● **REQUIRED WORK**: The part below that opens with the line containing "Памятник Дмитрию Донскому" and closes with the line containing "Volvo V40 D2 Momentum - 15" should be copied exactly, minus any pictures.

● **DATA PROVIDED**:
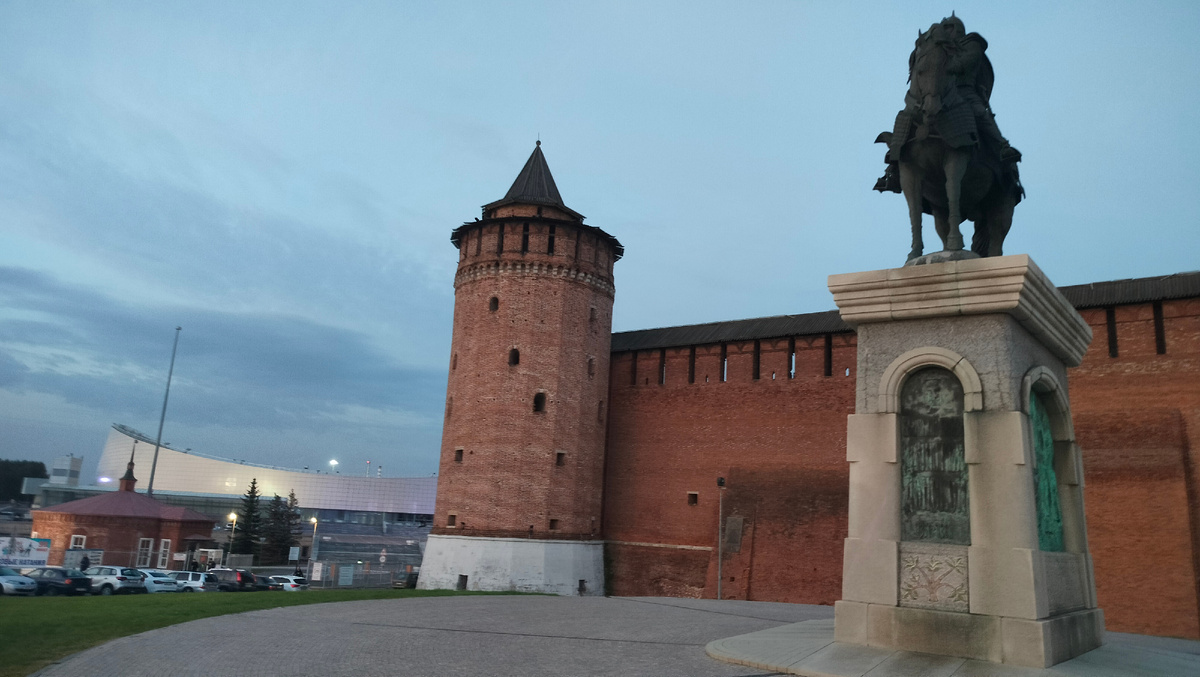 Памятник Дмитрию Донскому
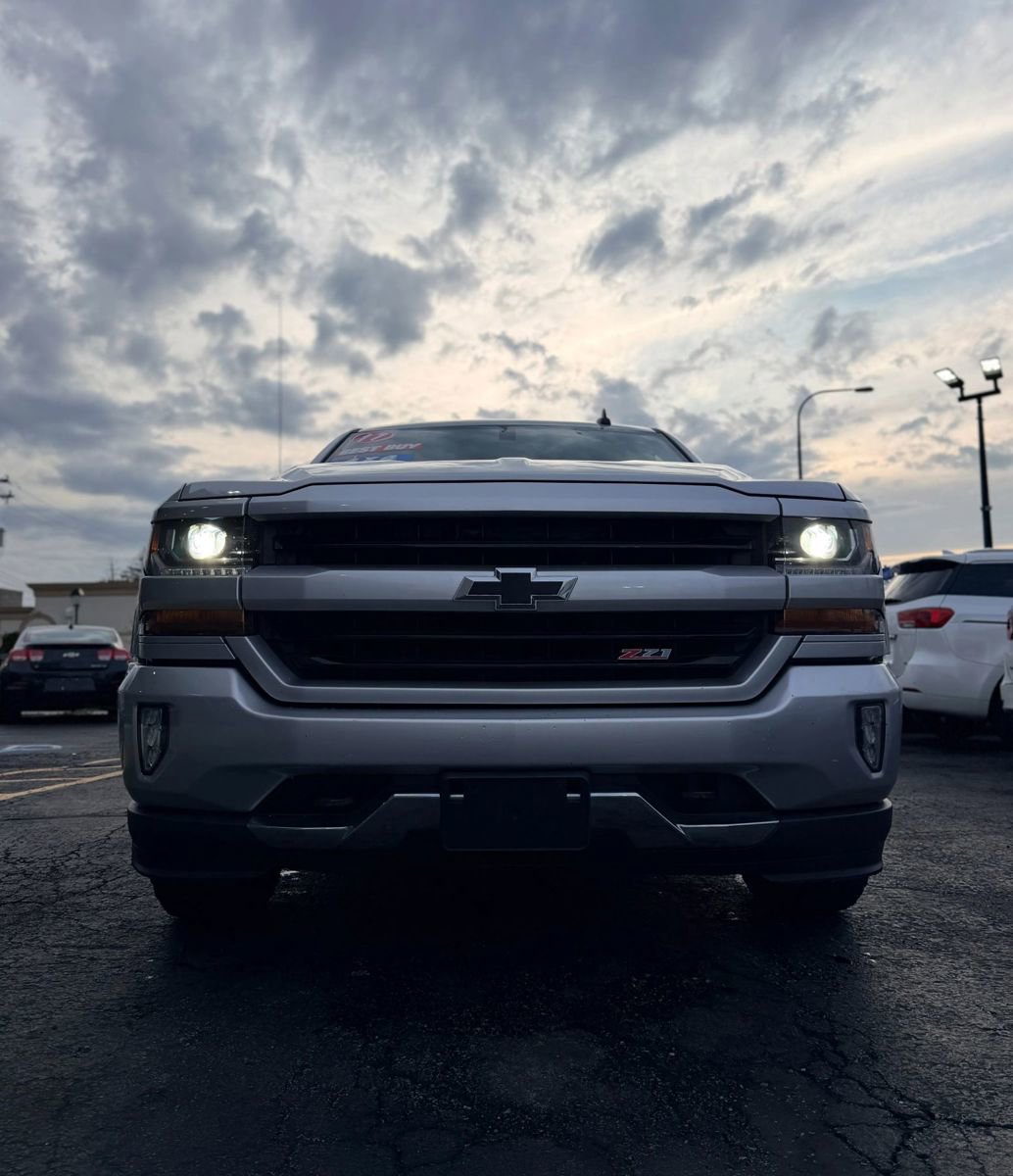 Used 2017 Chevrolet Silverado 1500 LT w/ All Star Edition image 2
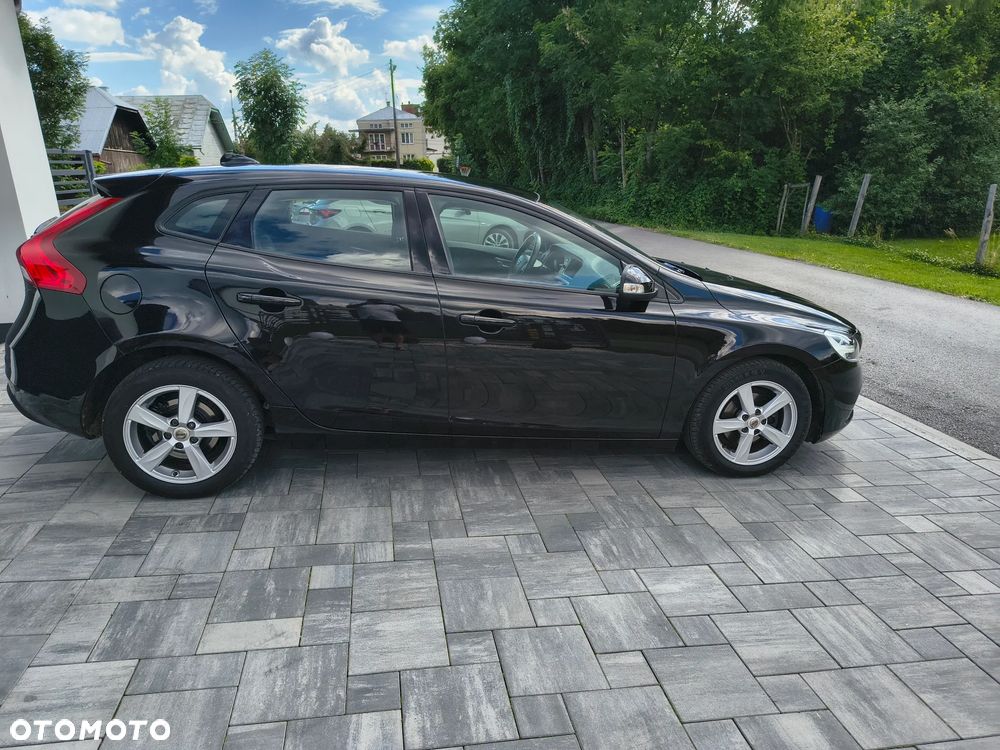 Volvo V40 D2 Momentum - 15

* * *

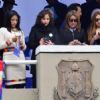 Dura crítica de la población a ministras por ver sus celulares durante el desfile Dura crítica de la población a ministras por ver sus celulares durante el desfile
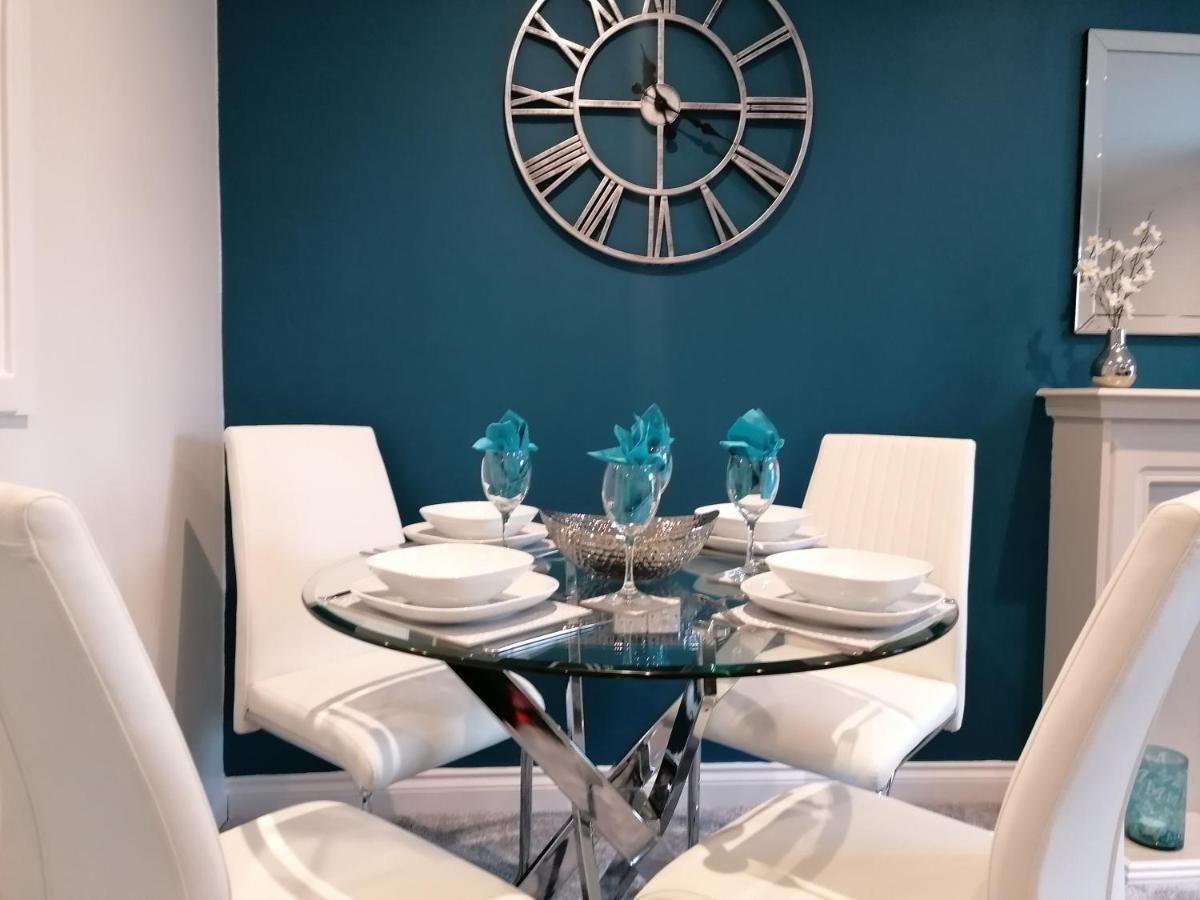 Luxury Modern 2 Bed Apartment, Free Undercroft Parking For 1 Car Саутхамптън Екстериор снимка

==

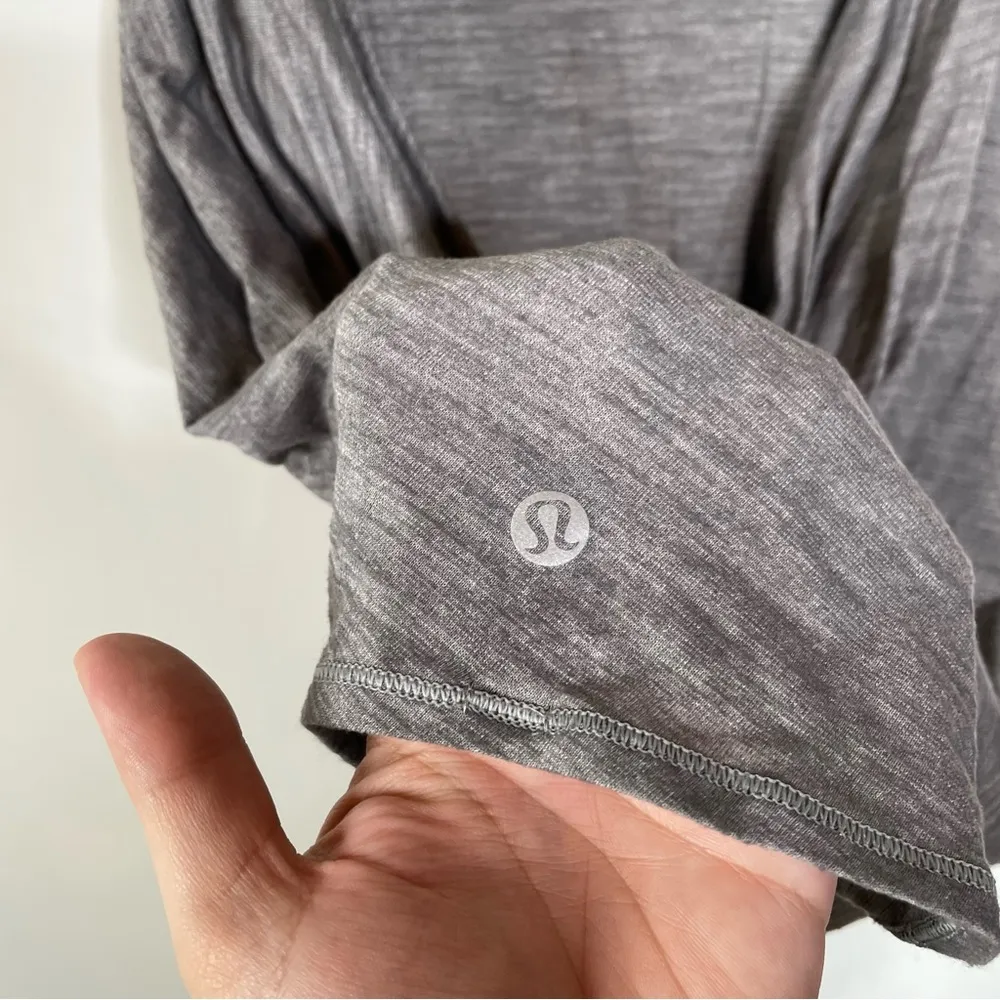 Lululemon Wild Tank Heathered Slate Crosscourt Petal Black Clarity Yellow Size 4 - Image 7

● **FINISHED EXERCISE**:
 Памятник Дмитрию Донскому
 Used 2017 Chevrolet Silverado 1500 LT w/ All Star Edition image 2
 Volvo V40 D2 Momentum - 15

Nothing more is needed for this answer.